In a poorly planned turbo compressor installation, these shaft disturbances can occur repeatedly as the compressor loads, reaches pressure, unloads, and cycles again. Over time, this can lead to severe damage and eventual failure of the rotating internals.
Critical speeds are not limited to industrial machinery—they are part of everyday life.
For example, when driving a vehicle with poorly balanced wheels, you may experience a steering wheel shudder at a specific speed. That vibration is a form of critical speed resonance.
Similarly, when seated in a jet aircraft before take-off, you may feel vibrations as the engines spool up. What you are experiencing is the engine shafts passing through their respective critical speeds during acceleration.
If you don't feel those vibrations, you might want to ask the cabin crew if you can get off!

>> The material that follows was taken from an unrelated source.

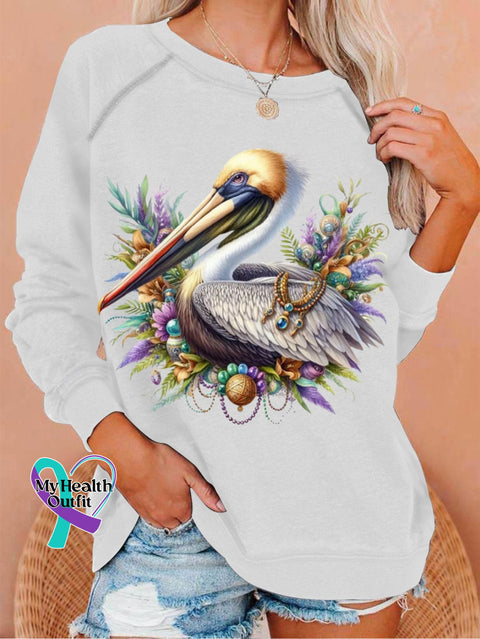 Women’s Mardi Gras Pelican Print Crew Neck T-Shirt White / S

At CVA, we understand the importance of critical speeds and their impact on turbo compressor reliability and performance. Every turbo machine we supply is engineered, commissioned, and configured to suit the specific site operating conditions, ensuring optimum efficiency and long-term reliability.
We also consider environmental factors that are often overlooked during the design stage, including the elevated ambient temperatures increasingly experienced due to global warming. By considering these real-world operating conditions, CVA ensures that your compressor delivers reliable performance, avoids unnecessary cycling through critical operating zones, and achieves maximum service life from its rotating components.